South Mountain Community College Historic Walking Tour – Stop 7

Palm Trees

Historical Period: Arizona at War, 1914-1950s

Overview

If you look to the western border of our campus, you should see some geographical features that originate before our campus was here. Any guesses what they might be?

Conversation

When do think palm trees were popularized and by who?

Immediately following statehood, the economy of this area resembled the sharecropping South, with poorer people of color renting parcels of land from wealthy landowners, and then attempting to pay off their debts through crop production. Mexican and Mexican-American farmers were particularly vulnerable in these scenarios, and many lost their lands to repossession during the World War I and the Great Depression.
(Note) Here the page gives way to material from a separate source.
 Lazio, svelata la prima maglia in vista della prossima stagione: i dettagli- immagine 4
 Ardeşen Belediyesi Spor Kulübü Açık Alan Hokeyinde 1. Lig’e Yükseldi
Dwight Heard, the famed rancher, newspaper man, and politician made considerable land purchases in this area at that time and created landmarks like the column of palm trees you see behind you.

Question: What do think were some of the other features present in the past?

Later, after World War II, South Phoenix became an unexpected home to dozens of Japanese-Americans who had been interned here in Arizona as a result of national xenophobia and fear following Pearl Harbor. Many had no homes to return to, and instead took up farming in South Phoenix after the war. Within a couple of decades, seven Japanese-American families established an agricultural empire known as the “Japanese Flower Gardens,” which stretched for acres along Baseline Road to the south. They were a tourist destination and sold to markets on either coast.

In 1978, the Heard Corporation sold this land we are standing on to the Maricopa Community College District to build a campus. The only thing left from those days are the palm trees behind us and the canal to the south.